Some may say it’s obvious that Mastroianni isn’t my father, that you can always infer the correct meaning from the context. Consider this:

I admire my dad, John Lawrence, and Sophia Loren.

Unless you happen to know that John Lawrence is my uncle, how can you decipher that? Anyway, why should you have to? It’s our duty, as proper professional writers, to make the meaning clear to our readers and not to subject them to an unnecessary cognitive load.

Damned if you (always) don’t

We should always shun the serial comma, then? Not so fast. Try this:

I admire my parents, Marcello Mastroianni and Sophia Loren.

Now it looks like Mastroianni and Sophia are my parents. And, to debunk the “it’s always clear from the context” theory again, the problem persists with:

I admire my parents, Derek Lawrence and Kathryn Lawrence.

(Kath is my auntie.)

Use the serial comma when necessary; omit it when necessary.

When you really ought to omit it:

  • When the second item in a list could be mistaken for a synonym for the first (as with the “my dad” example).

When you really ought to use it:

  • When the second and third items in a list, taken together, could be mistaken for a synonym for the first (as with the “my parents” example).
  • To make clear which words form part of the second item in a list and which form part of the third: cannelloni, burger, and chips and dips vs cannelloni, burger and chips, and dips (Otherwise, the chips become something of a moveable feast.)
  • To clarify that an adjective modifying the second item in a list doesn’t also modify the third: boys, old men, and women (the women aren’t necessarily old). You could rewrite as boys, women and old men, although I wouldn’t with boys, old men, and dental hygienists, where the longest element works best at the end, for reasons of rhythm
  • To emphasise a pause in a sentence written to be spoken out loud, e.g. for a dramatic voice-over: The ERR requisitioned books, artworks, and political material.
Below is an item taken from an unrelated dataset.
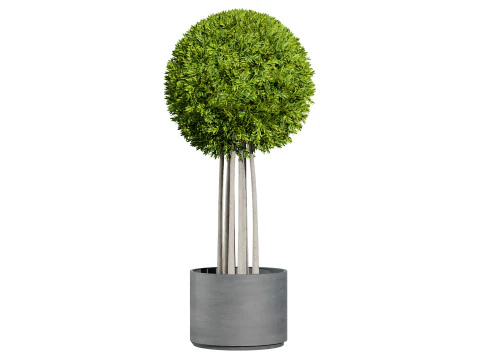 Alberi di alloro delle Fiandre Modello 3D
What about the rest of the time, when it doesn’t matter either way? Some style guides, like the Economist, favour omitting it; others, like the Oxford University Press style want it in. American writers tend perhaps to use it more than Brits do.

But where it doesn’t do anything – anything at all, as in Tom, Dick, and Harry (where “and” already separates the last two words) – why use it? What is the virtue in a consistency for consistency’s sake, of using something even when it has no function? Omit needless words, someone once said, so omit needless punctuation, too.